Exercise: Let $X_1,\ldots,X_n$ be a random sample from the distribution with density $$f(x\mid\theta) = \dfrac{2x}{\theta^2}\mathbb{1}_{(0,\theta)}(x)$$ w.r.t. the Lebesgue measure. Derive an unbiased estimator for $\theta$. Does this estimator respect the likelihood principle?
I know that:
Def: (Likelihood principle (LP)).The information brought by an observation $x$ about $\theta$ is entirely contained in the likelihood function $L(\theta;x)$. Moreover, if $x$ and $x'$ are two observations depending on the same parameter (possibly in different experiments), such that there exists a constant $c$ satisfying $L(\theta;x) =cL'(\theta;x_0)$ for every $\theta$, they bring the same information about $\theta$ and must lead to identical inferences.

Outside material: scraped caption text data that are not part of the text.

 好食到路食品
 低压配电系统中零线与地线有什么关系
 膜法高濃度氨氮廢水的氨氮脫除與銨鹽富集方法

Question: Suppose I derived the unbiased estimator $\hat{\theta} = \dfrac{3}{2}X_1$; does this estimator satisfy the likelihood principle? I know that p-values do not respect the LP, because you reach different conclusions when using different p-values, but I'm not sure how an estimator would or would not respect the LP.
Thanks in advance!
$$ L(\theta \mid X=x) = \begin{cases} \dfrac{2x}{\theta^2} & \text{for } \theta\in [x,+\infty), \\[8pt] \,\,0 & \text{for } \theta\in(0,x). \end{cases} $$ The MLE is therefore $x$ itself, since $L(\theta)$ increases as $\theta$ decreases UNTIL $\theta$ gets as small as $x.$ That is clearly a biased estimator.
Your unbiased estimator can be calculated if the MLE is known, and the MLE can be calculated if your estimator is known. Therefore, no information except what is in the likelihood function goes into your estimator.
Merely being unbiased is not enough to guarantee violation of the likelihood principle. But an insistence on always being unbiased will result in some estimators violating the likelihood principle.